An update! At last! Anyway, a solid way to consistently and unbiasedly quantify ion data is via its relation to other ions within the same sample. What the most basic of all relationship's, i.e. the least biased of any sort of quantification one can possibly imagine? Bigger than, or less than--given ion X and ion Y, which one is bigger? How frequently is one bigger than the other? Now, as far as filtering out ions go, I think we can use the Pearson's chi-square test rather effectively to see if an ion-pair relationship is nonrandom enough to be included for testing.

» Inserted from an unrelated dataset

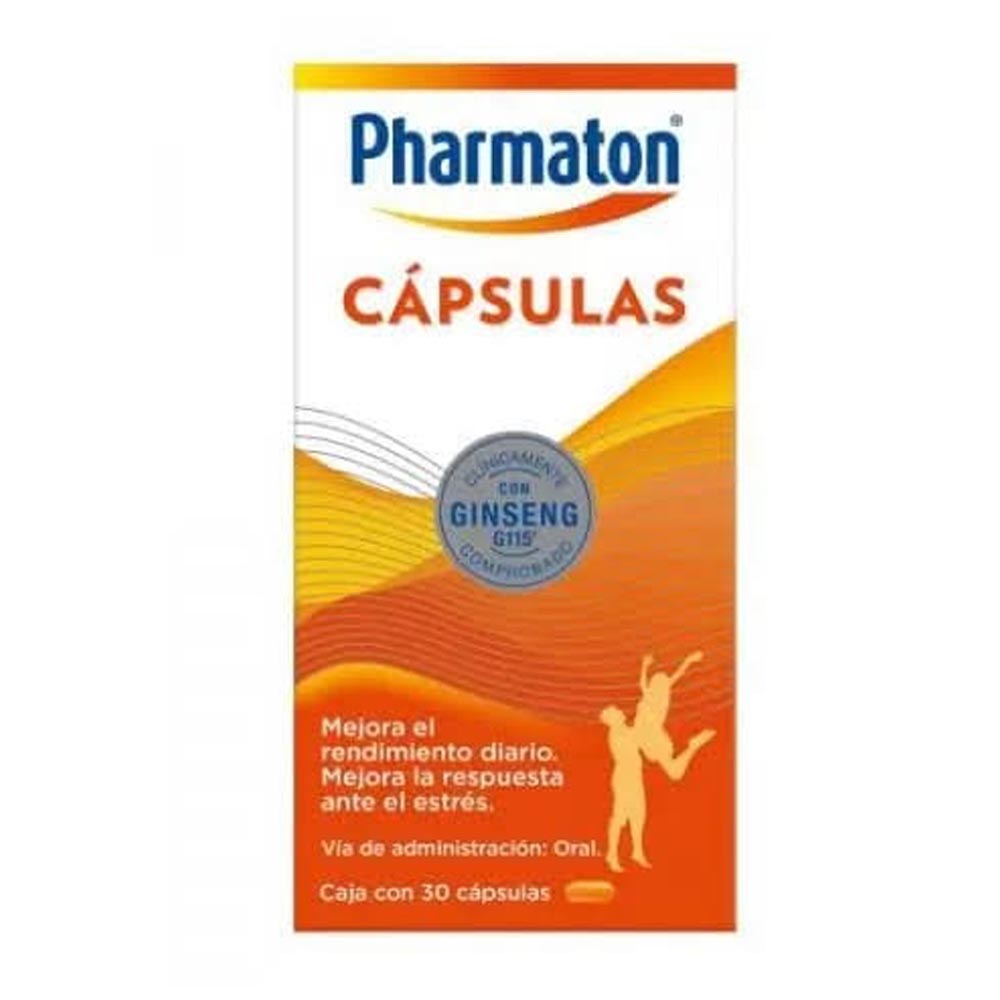 Pharmaton Capsulas Con 30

Essentially, we will use a chi-square distribution with 1 degree of freedom, and with a P-value of 0.05 or something (to be a little more inclusive) to see if an ion pair is useful for analysis.
Finally back in action! Now here's a possible solution to your problem of creating a consensus stratified ion rank: for each ion, calculate that average difference in rank with every other ion in another sample, and then from there, figure out some sort of threshold (mean-2*SD or something) as a cut off for clustering ions to the same rank.
Here's an idea I'll probably never use: calculating the area of overlap between two MLE derived PDFs. I may be able to use the overlap percentage to help quantify confidence. I do, however already have this bootstrapped K-S test business, so they may possibly overlap in purpose. I'll have to sit on it a little longer and flesh it out more. For sure the calculations will be computationally intensive.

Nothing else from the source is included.